Catalanes, andaluces, vascos, madrileños, navarros, valencianos, canarios… y futbolistas cuyas familias llegaron a España en medio de mucha precariedad y miedo. Los padres de los hermanos Williams saltaron la valla de Melilla y fueron acogidos y acompañados por Caritas. La abuela de Lamine Yamal consiguió traer a sus hijos a España viviendo situaciones de mucha dificultad para reunir a la familia. Todo ese colectivo ha sido acompañado y guiado por De la Fuente.

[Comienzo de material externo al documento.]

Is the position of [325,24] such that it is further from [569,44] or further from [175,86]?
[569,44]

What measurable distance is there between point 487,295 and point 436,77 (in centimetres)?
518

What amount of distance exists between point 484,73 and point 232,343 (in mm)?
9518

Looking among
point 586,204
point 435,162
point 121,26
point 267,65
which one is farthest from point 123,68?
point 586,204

Pero, además, este hombre nos ha dado un testimonio de fe cristiana extraordinario. Como creyente sin complejos, ha manifestado que para él la fe no es un añadido más, sino un pilar vital de su vida: «Rezo todos los días -dice- pero no porque esté en un Mundial ni pretendo sacar un resultado», «Doy gracias todos los días, cada mañana que me levanto, de que estoy bien… es otro día más que puedo disfrutar de la vida».
Como creyente, lógicamente destierra de su vida la superstición; no reza para ganar partidos. «Creo que sería injusto pedirle ayuda a Dios para que me ayude a mí y no al rival. Pido salud, especialmente, y que me dé opciones para seguir peleando».
Su vida espiritual le ayuda a relativizar los éxitos deportivos y a recordar lo verdaderamente importante: la salud, el respeto, los valores humanos y la familia.
Para él la fe no es el medio al que aferrarse cuando quedan pocos minutos de juego y el gol no llega; la fe le otorga una manera de entender la vida y tratar al vestuario. Antes de cada partido, Luis hace piña con el equipo y tienen un momento de silencio y de interiorización espiritual desde el credo de cada cual (cristianos, musulmanes, indiferentes…) «La fe me da seguridad, tranquilidad y me ayuda a ver a los jugadores primero como personas y luego como futbolistas. Todos somos iguales ante Dios.»
De la Fuente ha hecho de este equipo una parábola apasionada del Reino: una familia en la que todos somos importantes, en la que se experimenta el sentido de familia y no se busca el brillo de individualidades, una familia de deportistas alegres, educados y limpios…
Luis de la Fuente, un creyente, un testigo…un campeón.